Two months after the City Council agreed to give drivers nailed by red-light and speed cameras a second chance to challenge their tickets, plaintiffs’ attorney Jacie Zolna wants a Cook County judge to overturn the ordinance, the Chicago Sun-Times is reporting.

A judge has ruled — and the city has acknowledged — that it denied due process to the 1.5 million motorists by failing to send those drivers a second notice of their violations. The Emanuel administration further erred by imposing $100 late fees.

In September, aldermen agreed to correct those “procedural errors” in hopes it would bolster the city’s case against a lawsuit with the potential to force the city to refund $200 million in fines and late fees dating back to the 2003 inception of the scandal-scarred red-light camera program.

The lawsuit maintains the mayor’s ordinance is “at odds with virtually every procedural requirement” of the Illinois Vehicle Code and “completely undermines its purpose to ensure the ‘fair and efficient’ adjudication” of speed and red light camera violations.

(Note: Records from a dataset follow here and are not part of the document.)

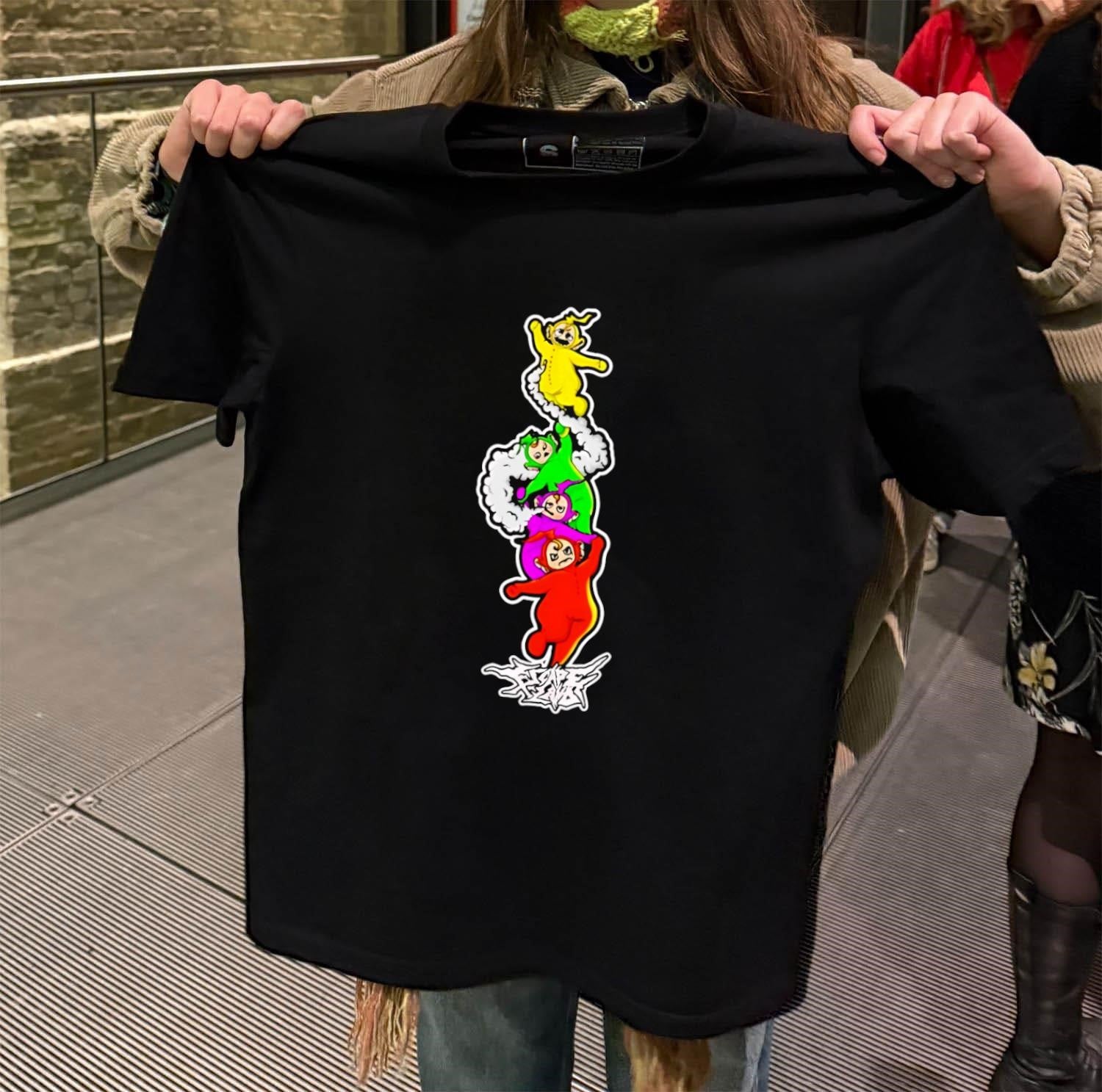 Teletubbies Escape Land Stacked Characters shirt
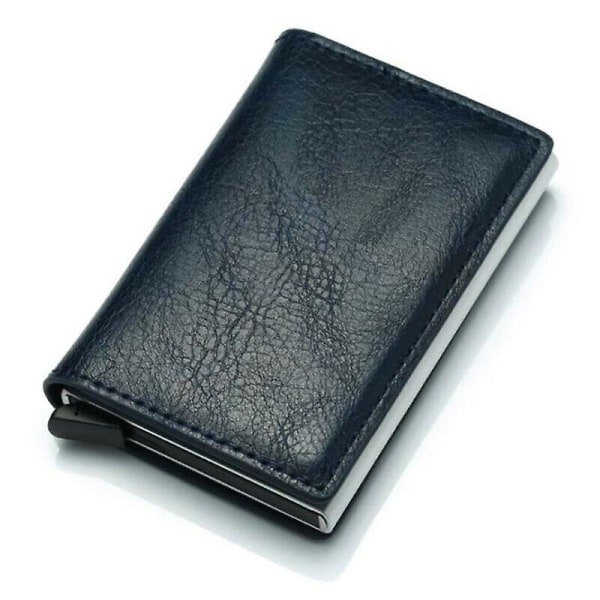 (Royal Blue) ID-kreditkortshållare PU-läder RFID-blockering Vikbara små plånböcker Pengaklämma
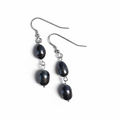 Blue Baroque Pearl Earrings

“The city . . . cannot willy-nilly change its own laws to give itself a second opportunity to extract fines and penalties from its citizens. To the contrary, the city’s ability to enforce speed and red-light camera violations is specifically limited by Illinois law,” the lawsuit states.

Law Department spokesman Bill McCaffrey called the lawsuit “baseless.”

“It is clear that the notices of violation for each of the violations affected by the 2016 ordinance are valid under the Illinois Vehicle Code and the Municipal Code of Chicago, and the suit is challenging an ordinance that can only benefit the individuals represented in the suit,” McCaffrey said in an email.

“The new ordinance is not to designed to find any new violations of the traffic laws, but to give past violators an additional opportunity to challenge previously imposed liability.”

If the city issues second notices, motorists will have 30 days to choose whether to appear before an administrative hearing officer and challenge their tickets on grounds they were issued in error.

The five-year window — March 23, 2010, to May 14, 2015 — is tied to the statute of limitations and the date the city eliminated the second notice requirement in yet another, after-the-fact attempt to avoid liability.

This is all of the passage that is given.